Vascular Biology Center and Division of Hematology-Oncology-Transplantation, Department of Medicine, University of Minnesota Medical School, 420 Delaware Street SE, Minneapolis, MN 55455, USA.
Am J Hematol. 2010 Jan;85(1):18-23. doi: 10.1002/ajh.21558.
Altered inflammation signaling within the cerebral vasculature may be an important risk factor for stroke in children with sickle cell anemia (SCA). This study examines how differential expression of NFkappaB/p65 (RelA), KLF2, and other transcription factors may act as switches in inflammation signaling leading to observed differences between non-SCA (NS) African Americans and African Americans with SCA who are either at risk (AR) or not at risk (NAR) of childhood stroke based on occurrence of Circle of Willis disease. Clover/Transfac analysis was used to identify overrepresented transcription factor binding motifs on genes associated with inflammation. Transcription factor binding motifs for the NFkappaB family and RFX1 were overrepresented on inflammation signaling gene set analysis. Variations in protein expression were determined by flow cytometry of blood outgrowth endothelial cells (BOECs) from NS, AR, and NAR donors and Western blots of protein extracts from both unstimulated and TNFalpha/IL1beta-stimulated BOECs. BOECs from patients with SCA had more cytoplasmic-derived RelA compared with NS BOECs. Sickle BOECs also had heightened responses to inflammatory stimuli compared with NS BOECs, as shown by increased nuclear RelA, and intracellular adhesion molecule (ICAM) response to TNFalpha/IL1beta stimulation. Multiple control points in RelA signaling were associated with risk of childhood stroke. The ratio of proinflammatory factor RelA to anti-inflammatory factor KLF2 was greater in BOECs from AR donors than NS donors. Group risk of childhood stroke with SCA was greatest among individuals who exhibited increased expression of proinflammatory transcription factors and decreased expression of transcription factors that suppress inflammation.
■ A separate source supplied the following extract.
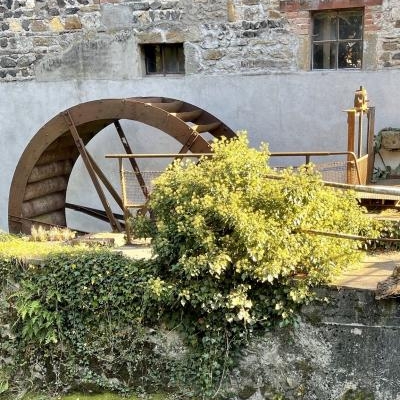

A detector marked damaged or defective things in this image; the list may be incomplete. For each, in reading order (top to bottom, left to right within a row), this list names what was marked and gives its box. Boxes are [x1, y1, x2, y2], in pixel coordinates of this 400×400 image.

large rusty waterwheel [7, 97, 236, 234]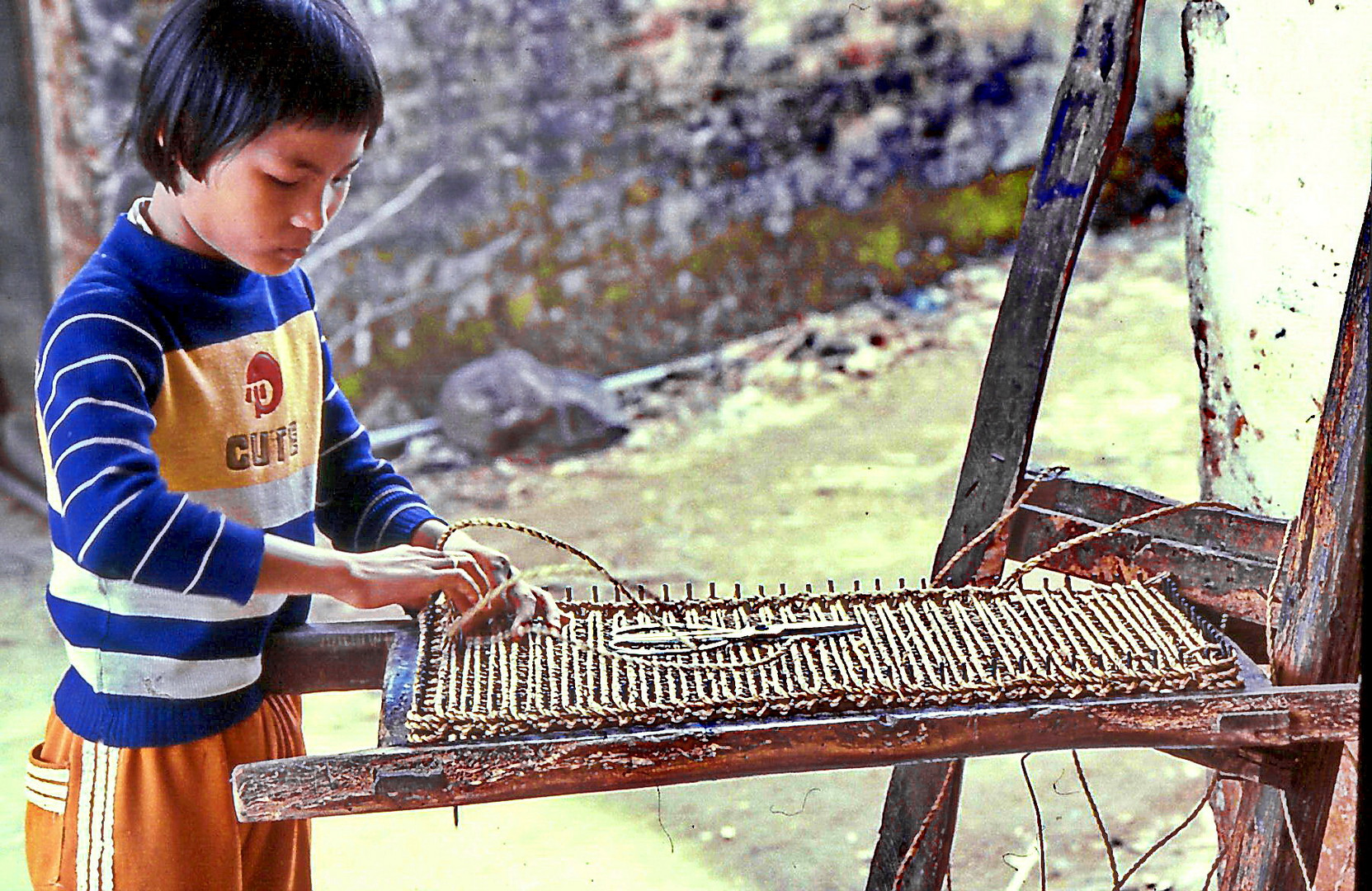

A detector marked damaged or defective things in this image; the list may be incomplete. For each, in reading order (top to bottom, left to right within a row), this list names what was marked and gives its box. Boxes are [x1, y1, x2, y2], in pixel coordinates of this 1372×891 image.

peeling paint on pillar [1180, 0, 1372, 513]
脑血管内炎症信号的改变可能是镰状细胞贫血(SCA)儿童中风的一个重要危险因素。本研究探讨了 NFkappaB/p65(RelA)、KLF2 和其他转录因子的差异表达如何作为炎症信号的开关,导致非 SCA(NS)非裔美国人和 SCA 非裔美国人之间观察到的差异,这些 SCA 患者要么存在(AR)要么不存在(NAR)儿童中风风险,这取决于 Willis 环疾病的发生。Clover/Transfac 分析用于识别与炎症相关基因的转录因子结合基序的过度表达。NFkappaB 家族和 RFX1 的转录因子结合基序在炎症信号基因集分析中过度表达。通过来自 NS、AR 和 NAR 供体的血液衍生的内皮细胞(BOEC)的流式细胞术和未刺激和 TNFalpha/IL1beta 刺激的 BOEC 蛋白提取物的 Western blot 确定蛋白表达的变化。与 NS BOEC 相比,SCA 患者的 BOEC 具有更多的细胞质衍生的 RelA。与 NS BOEC 相比,镰状细胞 BOEC 对炎症刺激的反应也更高,表现为核 RelA 增加和细胞内黏附分子(ICAM)对 TNFalpha/IL1beta 刺激的反应增加。RelA 信号的多个控制点与儿童中风的风险相关。来自 AR 供体的 BOEC 中促炎因子 RelA 与抗炎因子 KLF2 的比值大于 NS 供体。SCA 个体中,促炎转录因子表达增加和抑制炎症的转录因子表达减少与儿童中风的群体风险最高。